Chiang Kai-shek led his defeated nationalist forces from mainland China to Taiwan in 1949 where he re-established the Republic of China, claiming that his government was the sole legitimate authority in China. China, in turn, regards Taiwan as a renegade province with no rights to self- determination.

With western, particularly United States support, the fiction of Taiwanese rule over China was maintained for two decades. However in 1971, Chiang Kai-shek's refusal to accept the People's Republic of China's admission to the United Nations resulted in Taiwan's expulsion. In 1979 the US withdrew diplomatic recognition and ended the mutual defence treaty. This effectively plunged Taiwan into diplomatic isolation.

Chiang Kai-shek's government was brutal in its suppression of Taiwanese resistance, laying the seeds of bitter divisions between the indigenous population and the new comers.

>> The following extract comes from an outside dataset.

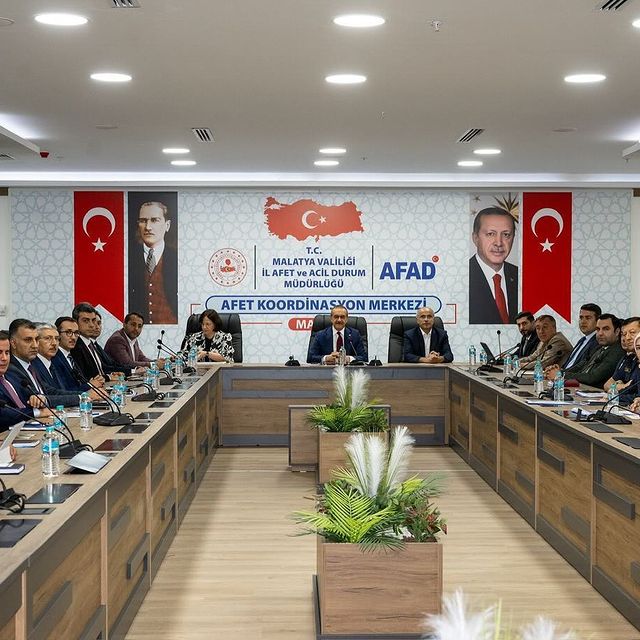 AK Parti Milletvekili Abdurrahman Babacan, Malatya İl Afet Koordinasyon Toplantısına Katıldı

However, his son Chiang Ching-kuo, who assumed the presidency after his father's death, realised that the nationalist's hardline policies were no longer viable. He believed they would only be able to retain power by introducing a degree of political liberalisation - somewhat comparable to the economic liberalisation which allowed the economy to boom.

In 1987 martial law was lifted. Taiwan has embraced democracy, abandoning the reality of a system constructed to rule the whole of China. Both governments in Peking and Taipei are committed to the reunification of China but progress towards reintegration is leaden.